* _Stored data_
#####
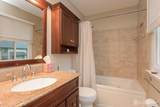 156 Hampshire Drive - Photo 22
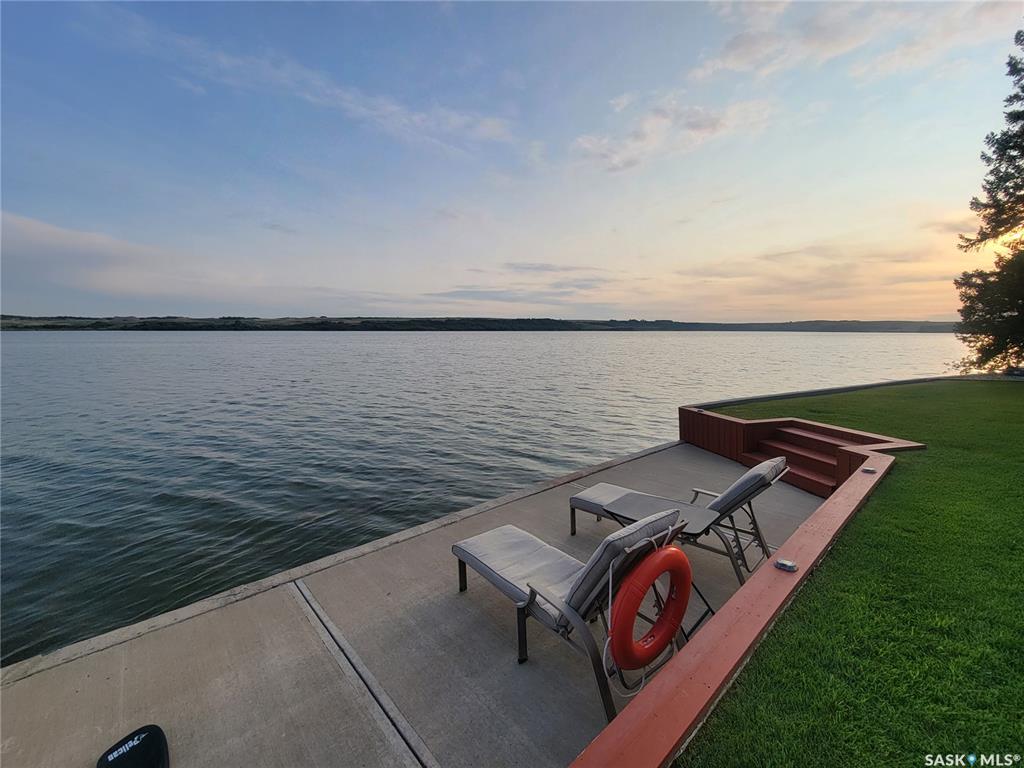 Lot 3 Lakeshore Drive, SK046377, Saskatchewan,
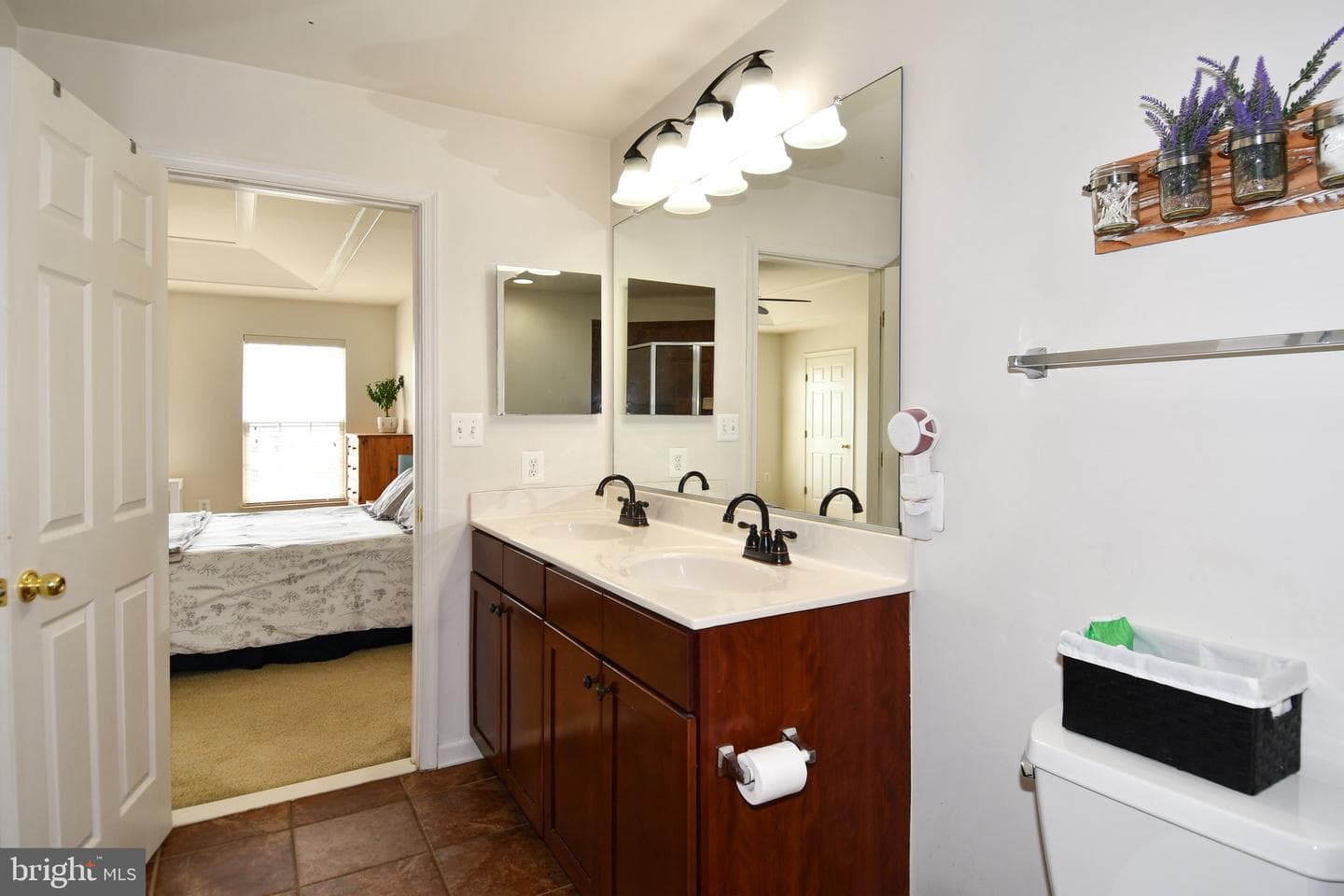 15212 Rosemont Manor Drive photo 24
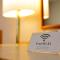 Hotel Resol Machida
#####
* _Exercise_
Could the material above be given again in full and exactly, with its pictures left out?

* _Answer for this exercise_
 156 Hampshire Drive - Photo 22
 Lot 3 Lakeshore Drive, SK046377, Saskatchewan,
 15212 Rosemont Manor Drive photo 24
 Hotel Resol Machida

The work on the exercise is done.